**WORK TASK:** Every line from the one with "Chia Seed Pudding with Berry Compote" to the end of the listing below must be printed exactly, with no other text and no pictures.

————————

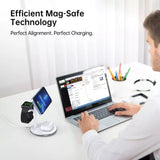 3-in-1 Magnetic Wireless Charging Dock for iPhone, Apple Watch, and AirPods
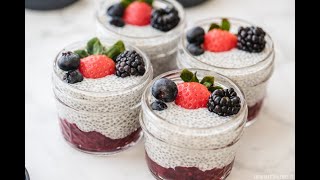 Chia Seed Pudding with Berry Compote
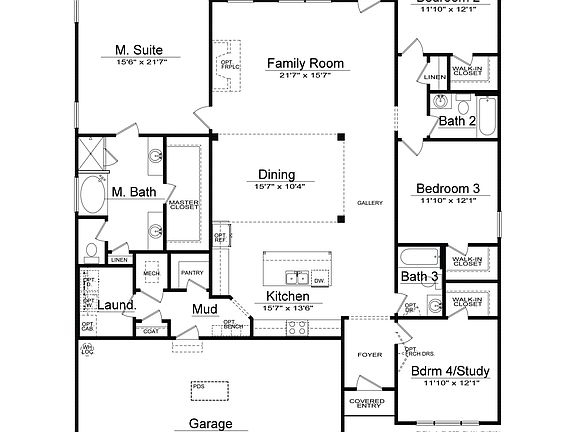 The Lanier Floor Plan
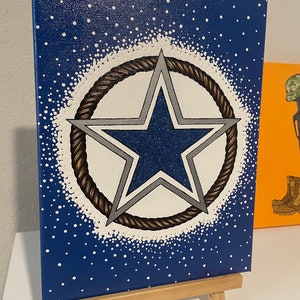 Cowboys, Acrylic Painting, Dallas, Cowboy, Football, Canvas Painting ...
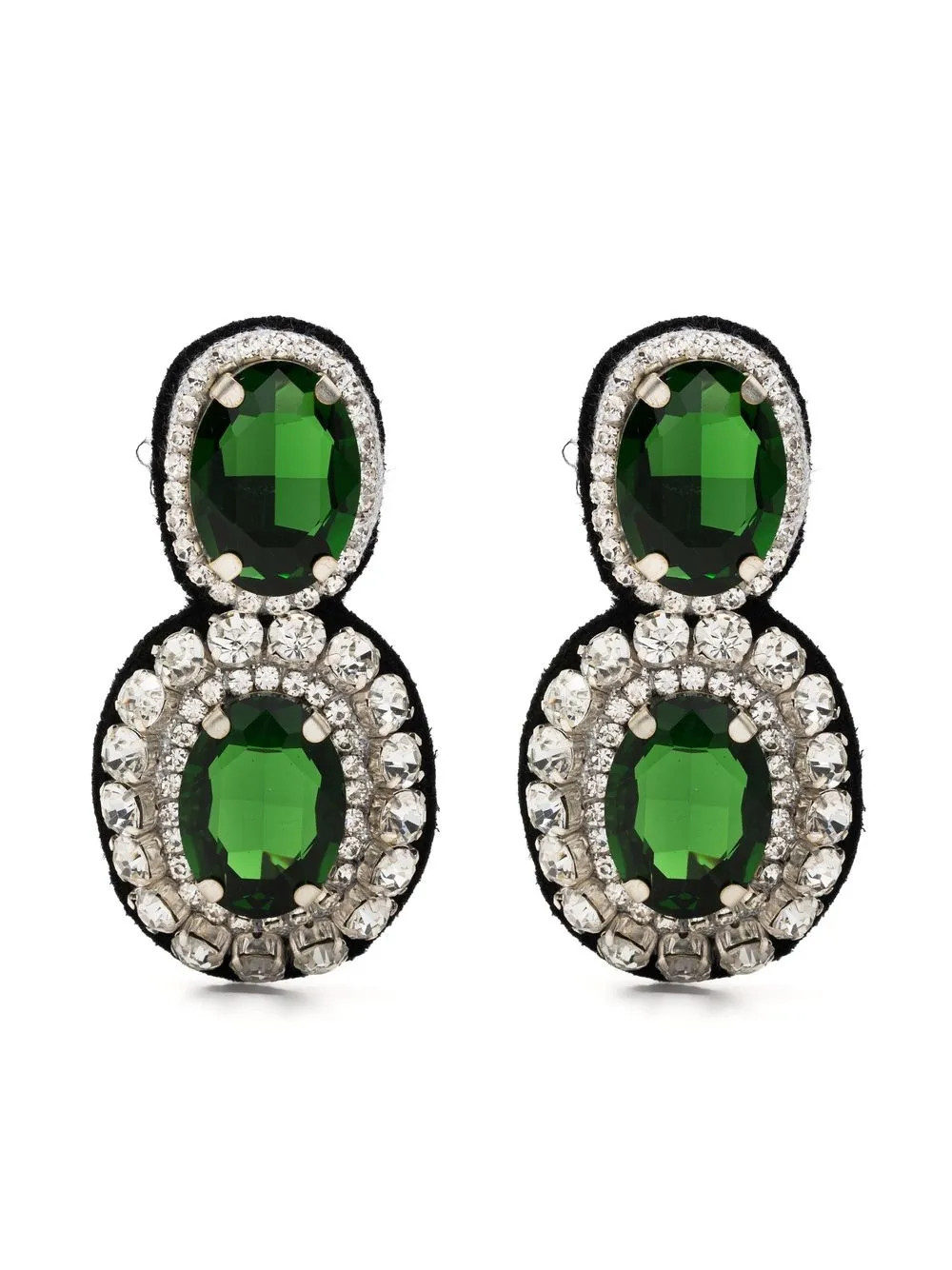 David Koma crystal-embellished Drop Earrings - Farfetch | Farfetch Global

————————

**OUTPUT BELOW:**
 Chia Seed Pudding with Berry Compote
 The Lanier Floor Plan
 Cowboys, Acrylic Painting, Dallas, Cowboy, Football, Canvas Painting ...
 David Koma crystal-embellished Drop Earrings - Farfetch | Farfetch Global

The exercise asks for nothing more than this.